Já a caracterização de produções voltadas para o público infantil requer uma dedicação à parte. Com histórias lúdicas e papéis extremamente caricatos, as equipes que atuam na área podem soltar a criatividade na hora de desenvolver o perfil estético de cada papel. Dois exemplos clássicos, mas de gerações diferentes, são o Castelo Rá-Tim-Bum, da TV Cultura, e o Sítio do Picapau Amarelo, da Globo. Adorado pelas crianças na década de 1990, o castelo de Nino recebia a visita de inúmeros seres mágicos, mas com a vantagem de serem todos personagens originais, assim deixando os profissionais livres para abusar de cores, pinturas corporais e apetrechos exóticos em suas fantasias. Diferentemente da série inspirada na obra de Monteiro Lobato, que teve duas versões televisionadas, primeiro em 1986 e depois em 2001. Na mais recente, houve uma preocupação em preservar a essência visual que se mantinha na memória afetiva do público, mas buscando outras referências para os protagonistas. "Optamos por trazer mais ingenuidade aos personagens na segunda versão da série, então buscamos isso no lirismo da década de 1950", enfatizou Helena Araújo, coordenadora da equipe de figurino do programa.
Além das aparências
Muitas vezes, apenas a caracterização, por mais completa que seja, não é suficiente para ilustrar todos os aspectos de um personagem. Nesses casos, a direção recorre ao uso dos efeitos especiais para complementar os detalhes que faltam na produção. Em Saramandaia, o ex-prefeito Zico Rosado e o farmacêutico Cazuza, interpretados por José Mayer e Marcos Palmeira, se destacam. O primeiro por ser frequentemente incomodado por formigas saindo de seu nariz e o segundo por colocar o coração pela boca quando exaltado. "Esse tipo de efeito visual inserido na trama na etapa da edição é muito desafiador para o ator. Porque ele precisa interagir com esse mundo virtual sem o sentir ou enxergar enquanto grava a cena", argumentou Fabrício Mamberti, diretor-geral da novela.

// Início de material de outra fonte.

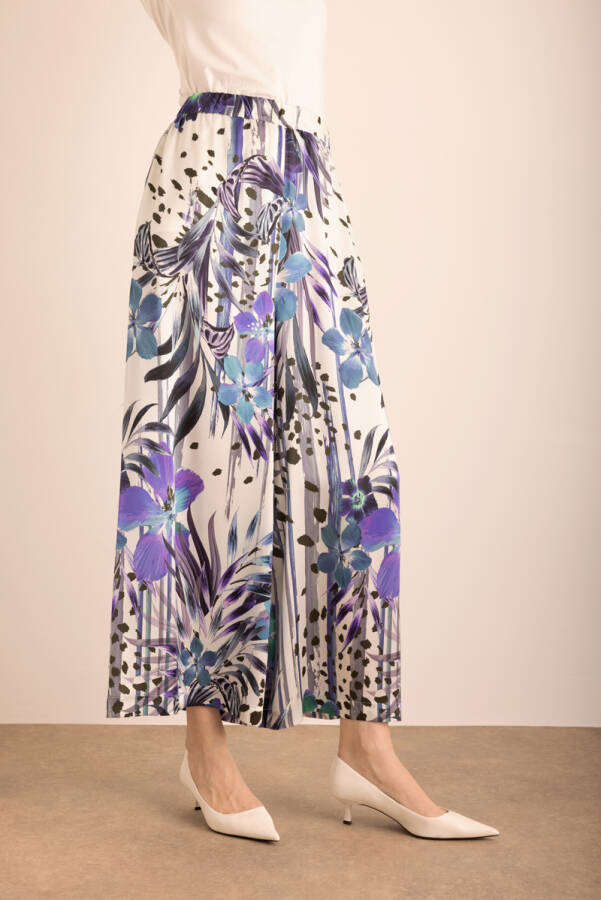 Mor Desenli Beli Lastikli İpek Pantolon Etek - 5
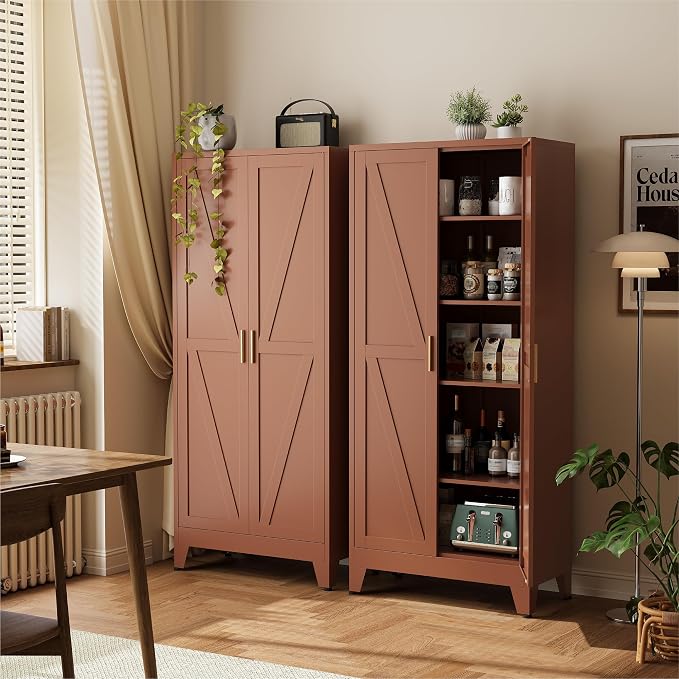 COFaR 71" Metal Pantry Cabinet in Brown, 5-Tier Storage with Adjustable Shelves, Metal-Tone Cupboard for Kitchen, Office & Living Room Organization
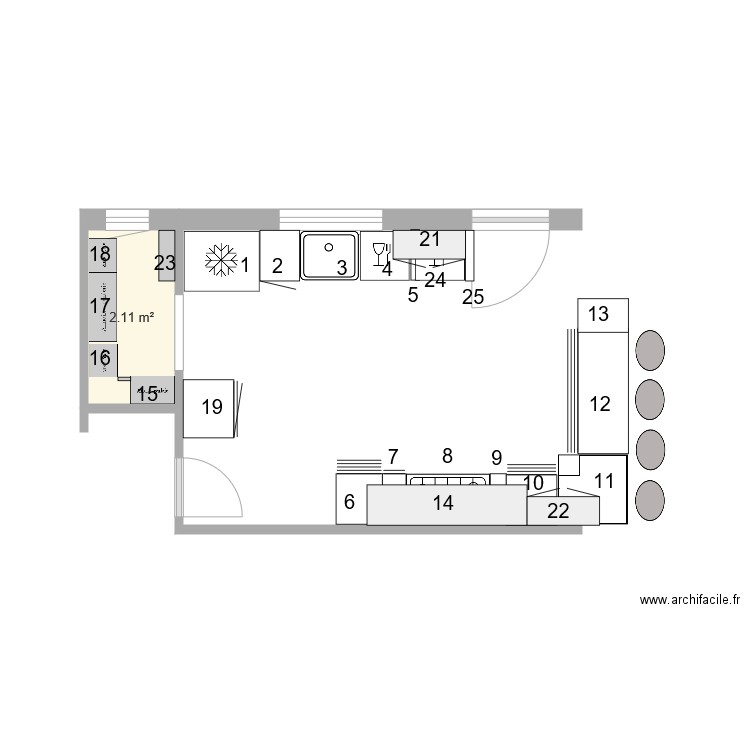 LUCY cuisine numérotée 2. Plan de 0 pièce et 0 m2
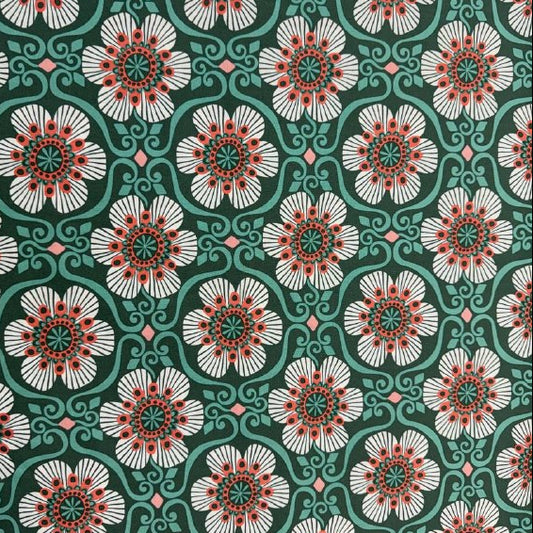 Basil multi floral geometric cotton fabric Tango by Kate Spain Moda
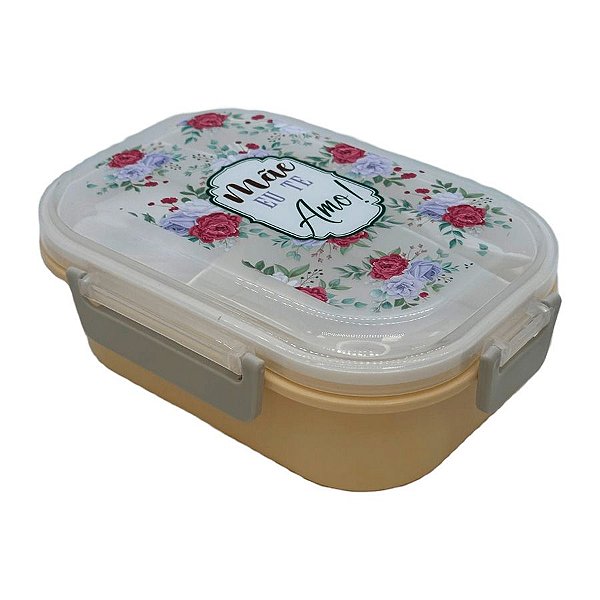 Marmita Azul com Garfo e Colher e Divisória de 3 Partes - Mãe Eu te Amo - 15,8x22cm - 1 unidade - Rizzo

Os mutantes de Tiago Santiago também abusaram da computação gráfica. Muitos personagens tinham seus poderes revelados com a ajuda dos efeitos especiais, como a mulher-aranha vivida por Natália Guimarães, que ganhava longas pernas aracnídeas ao se sentir ameaçada. "A diferença de usar efeitos como esse é que requer um grau de planejamento mais detalhado que as sequências normais", analisou Alexandre Avancini, diretor do folhetim.
Instantâneas
# Para o processo de envelhecimento de Regina Duarte em Chiquinha Gonzaga (1999), a Globo contratou o profissional David Dupuis, maquiador renomado de Hollywood.
# Em Saramandaia, os atores Vera Holtz, Gabriel Braga Nunes e Sergio Guizé tiveram seus corpos escaneados para a produção de próteses.
# A segunda versão de Sítio do Picapau Amarelo optou por deixar de lado o boneco mecânico usado para dar vida à personagem Cuca e fazê-la com base em maquiagem.
# Tarcísio Meira teve de implantar 250 tufos de cabelo para as cenas de Bóris na Idade Média, em O Beijo do Vampiro.